Unnamed: 0,intent,example
0,translate,what expression would i use to say i love you if i were an italian


oos_test n_xmp 1000
oos_test n_int 1


Unnamed: 0,intent,example
0,oos,how much has the dow changed today


test n_xmp 4500
test n_int 150


Unnamed: 0,intent,example
0,translate,how would you say fly in italian


oos_train n_xmp 100
oos_train n_int 1


Unnamed: 0,intent,example
0,oos,how much is an overdraft fee for bank


#### Verify intents are same in 3 datasets (train, test & val)

In [5]:
tr_intents = [v['intent'] for v in datasets['train']]
te_intents = [v['intent'] for v in datasets['test']]
va_intents = [v['intent'] for v in datasets['val']]
co_intents = tr_intents + te_intents + va_intents
print(f'tr unique = {len(np.unique(tr_intents))}')
print(f'te unique = {len(np.unique(te_intents))}')
print(f'va unique = {len(np.unique(va_intents))}')
print(f'co unique = {len(np.unique(co_intents))}')
print(f'tr min(count)  = {min(np.unique(tr_intents, return_counts=True)[1])}')
print(f'tr max(count)  = {max(np.unique(tr_intents, return_counts=True)[1])}')
print(f'te min(count)  = {min(np.unique(te_intents, return_counts=True)[1])}')
print(f'te max(count)  = {max(np.unique(te_intents, return_counts=True)[1])}')
print(f'va min(count)  = {min(np.unique(va_intents, return_counts=True)[1])}')
print(f'va max(count)  = {max(np.unique(va_intents, return_counts=True)[1])}')
print(f'co min(count)  = {min(np.unique(co_intents, return_counts=True)[1])}')
print(f'co max(count)  = {max(np.unique(co_intents, return_counts=True)[1])}')

tr unique = 150
te unique = 150
va unique = 150
co unique = 150
tr min(count)  = 100
tr max(count)  = 100
te min(count)  = 30
te max(count)  = 30
va min(count)  = 20
va max(count)  = 20
co min(count)  = 150
co max(count)  = 150


#### Extract the X and Y values for each of the datasets

In [6]:
x_tr = dfs['train']['example'].to_numpy()
x_te = dfs['test']['example'].to_numpy()
x_va = dfs['val']['example'].to_numpy()
y_tr = dfs['train']['intent'].to_numpy().ravel()
y_te = dfs['test']['intent'].to_numpy().ravel()
y_va = dfs['val']['intent'].to_numpy().ravel()
x_co = np.concatenate((x_tr, x_te, x_va))
y_co = np.concatenate((y_tr, y_te, y_va))

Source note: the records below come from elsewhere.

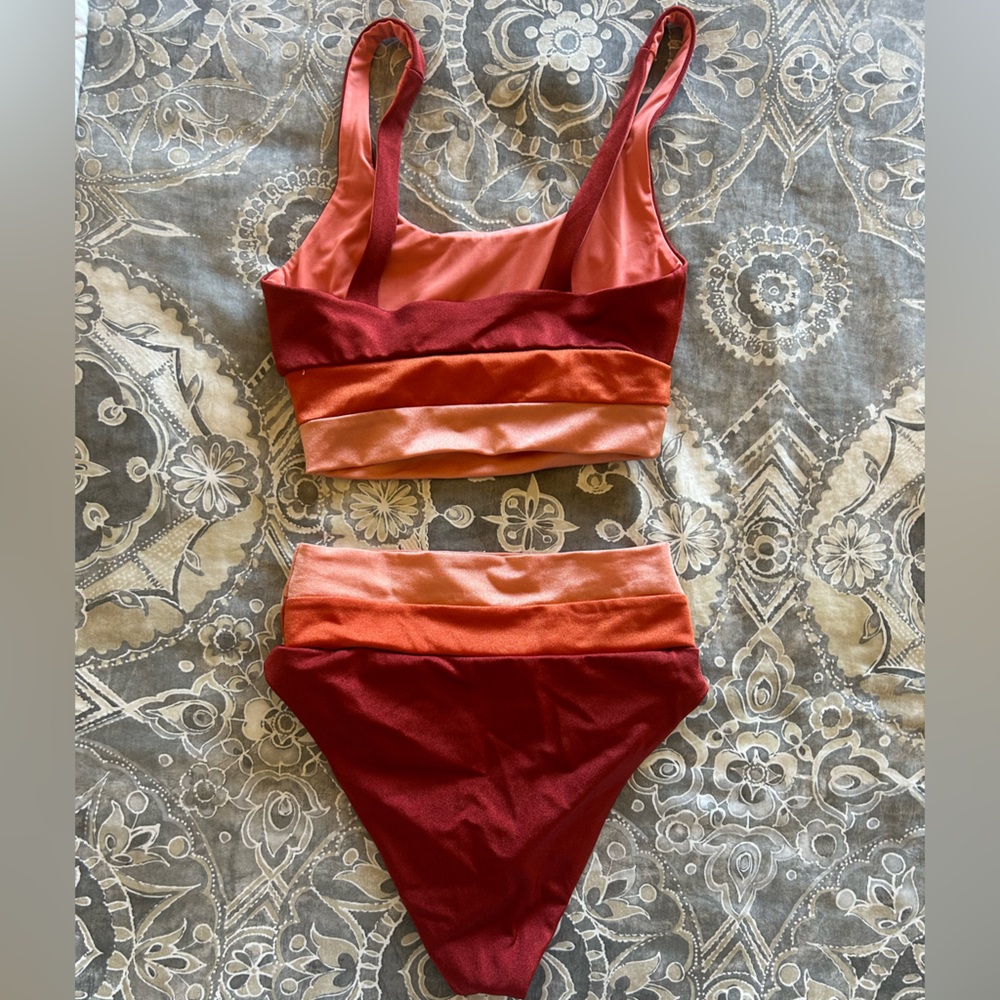 Beach Riot Two Piece Bikini - Color block Swimsuit - Picture 2 of 6
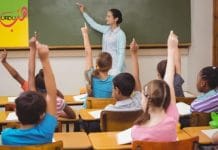 مجھے میرے شاگردوں سے بچاؤ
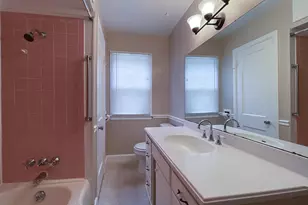 4924 N 73rd St, Milwaukee, WI 53218 - Photo 5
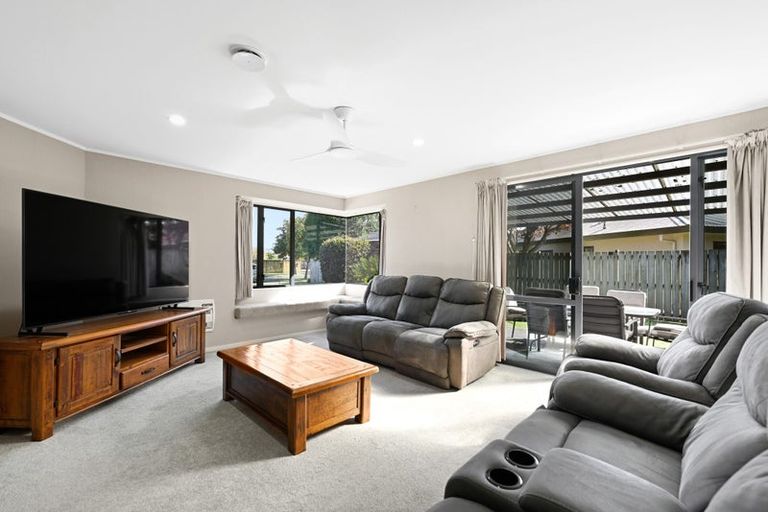 Photo of property in 26 Bouverie Crescent, Flagstaff, Hamilton, 3210
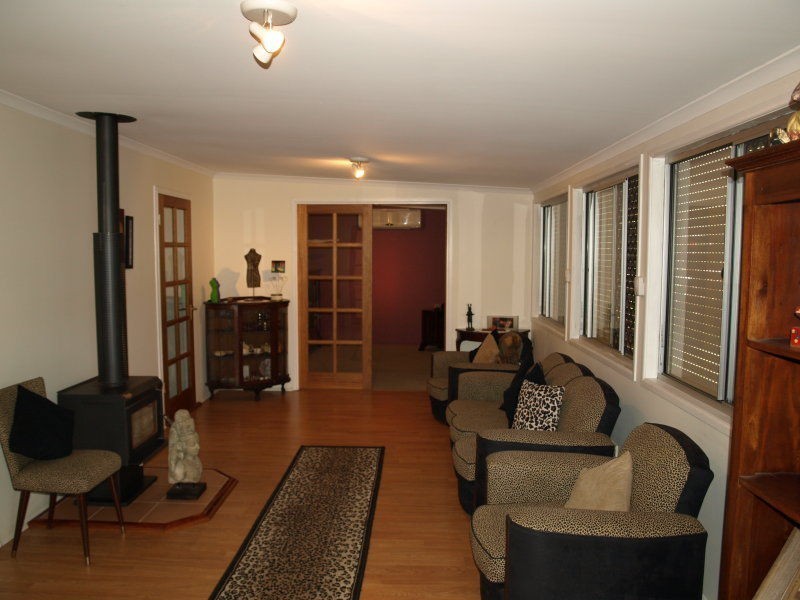 39 Karen Street, Jacobs Well QLD 4208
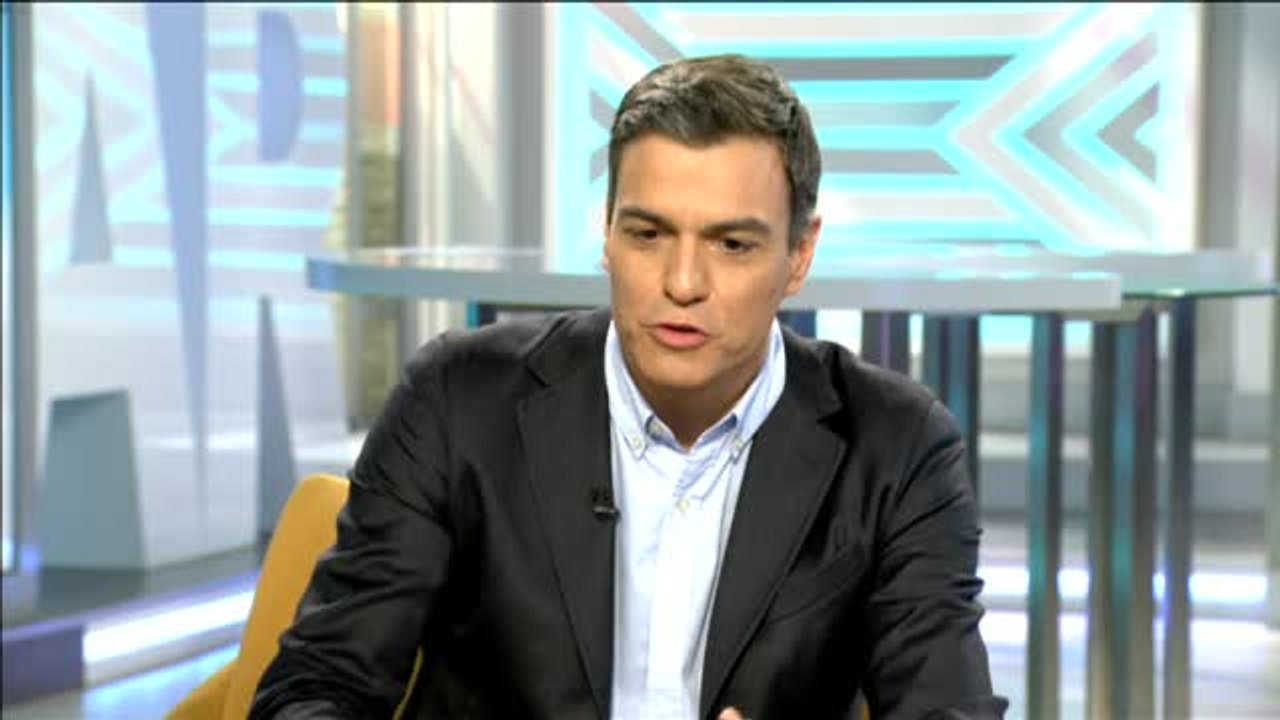 Pedro Sánchez: "Rajoy parece un conductor dormido al volante de un país"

print(f'x_tr.shape  = {x_tr.shape}')
print(f'y_tr.shape  = {y_tr.shape}')
print(f'x_te.shape  = {x_te.shape}')
print(f'y_te.shape  = {y_te.shape}')
print(f'x_va.shape  = {x_va.shape}')
print(f'y_va.shape  = {y_va.shape}')
print(f'x_co.shape  = {x_co.shape}')
print(f'y_co.shape  = {y_co.shape}')

x_tr.shape  = (15000,)
y_tr.shape  = (15000,)
x_te.shape  = (4500,)
y_te.shape  = (4500,)
x_va.shape  = (3000,)
y_va.shape  = (3000,)
x_co.shape  = (22500,)
y_co.shape  = (22500,)


#### Encode with USE encoder

In [7]:
%%time
class MiniLMEmbedding:
    def __init__(self):
        self.transformer = SentenceTransformer('paraphrase-MiniLM-L6-v2')
    def encode(self, input_sentences: List[str]) -> np.array:
        sentences = [sentence.lower() for sentence in input_sentences]
        embedded_sentences = [self.embed_sentence(s) for s in sentences]
        return np.array(embedded_sentences)
    def embed_sentence(self, sentence: str) -> np.array:
        embedding = self.transformer.encode(sentence, show_progress_bar=False, convert_to_numpy=True)
        return embedding

encoder = MiniLMEmbedding()

encoded_file = '../../../data/clinc150/x_co_encoded.csv'
if os.path.exists(encoded_file):
    df = pd.read_csv(encoded_file, header=None)
    x_co_encoded = df.to_numpy()
    x_tr_encoded = x_co_encoded[:len(x_tr)]
    x_te_encoded = x_co_encoded[len(x_tr):len(x_tr) + len(x_te)]
    x_va_encoded = x_co_encoded[len(x_tr) + len(x_te):]
    x_va_encoded = x_co_encoded[-len(x_va):]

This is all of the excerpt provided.